### PROVIDED RECORDS ###

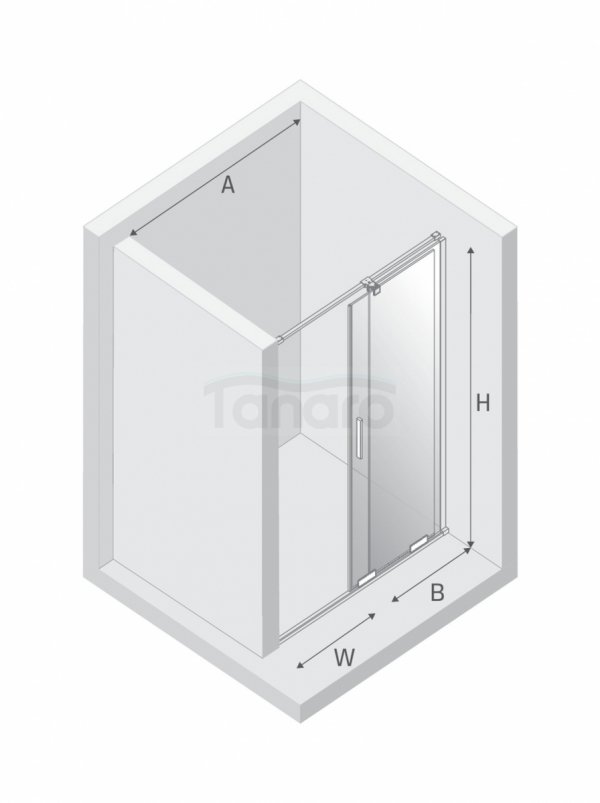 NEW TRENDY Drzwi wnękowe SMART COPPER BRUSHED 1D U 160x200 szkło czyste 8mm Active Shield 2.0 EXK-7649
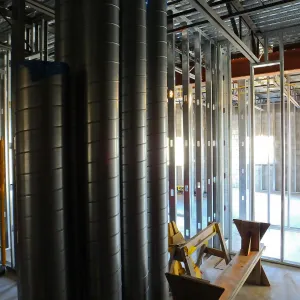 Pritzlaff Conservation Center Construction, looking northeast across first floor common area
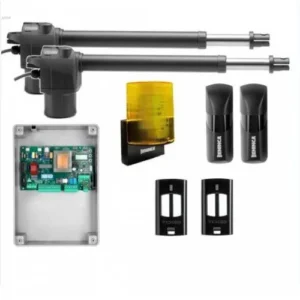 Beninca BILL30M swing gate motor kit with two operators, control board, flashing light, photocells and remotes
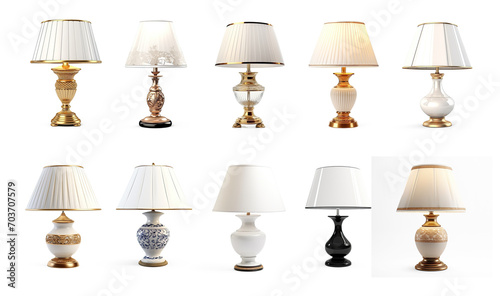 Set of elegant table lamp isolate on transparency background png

###
### PROVIDED RECORDS ###

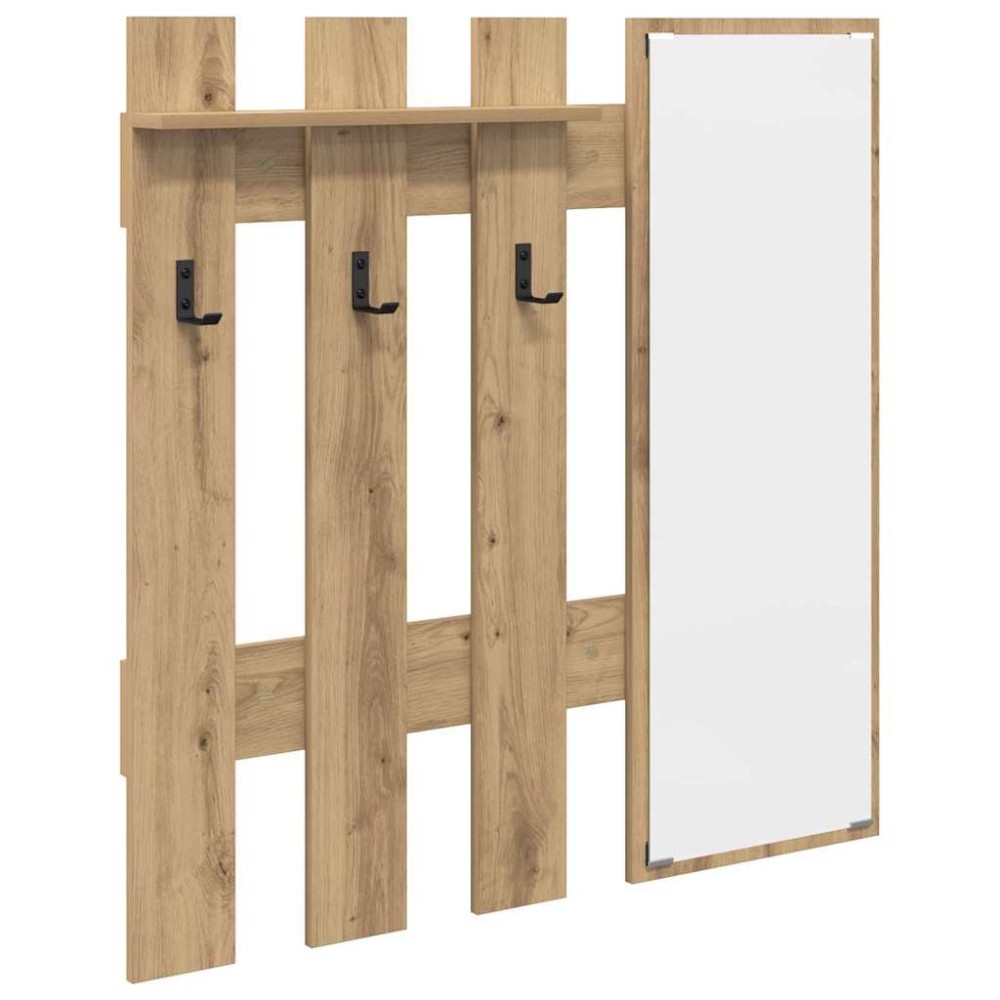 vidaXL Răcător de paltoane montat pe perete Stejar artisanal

###

* _DIRECTIONS_
Exact copy, pictures excluded: every line above from the one containing "NEW TRENDY Drzwi" to the one containing "Set of elegant", inclusive, and nothing more.

* _SOLVED PROBLEM_
 NEW TRENDY Drzwi wnękowe SMART COPPER BRUSHED 1D U 160x200 szkło czyste 8mm Active Shield 2.0 EXK-7649
 Pritzlaff Conservation Center Construction, looking northeast across first floor common area
 Beninca BILL30M swing gate motor kit with two operators, control board, flashing light, photocells and remotes
 Set of elegant table lamp isolate on transparency background png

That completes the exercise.